*Required work*: First find the line with "This bedroom features" in the entries below, then set down exactly every line through the line with "Nové video DJane, tanečnice", that line included.

*Extracted information*:
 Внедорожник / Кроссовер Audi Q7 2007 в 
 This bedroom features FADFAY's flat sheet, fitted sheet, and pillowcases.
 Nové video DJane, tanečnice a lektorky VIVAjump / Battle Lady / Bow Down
* * *
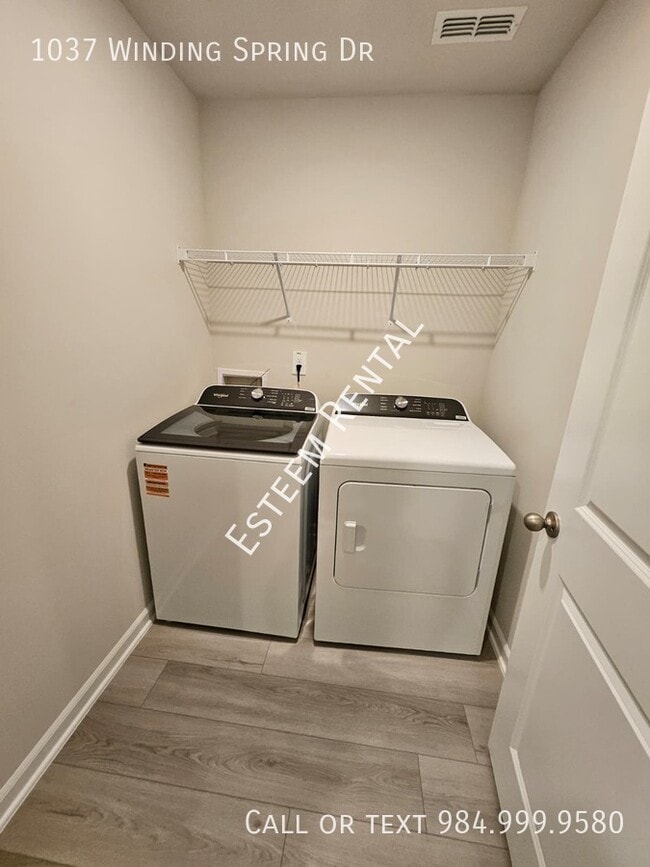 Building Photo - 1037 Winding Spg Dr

*Final answer*:
 This bedroom features FADFAY's flat sheet, fitted sheet, and pillowcases.
 Nové video DJane, tanečnice a lektorky VIVAjump / Battle Lady / Bow Down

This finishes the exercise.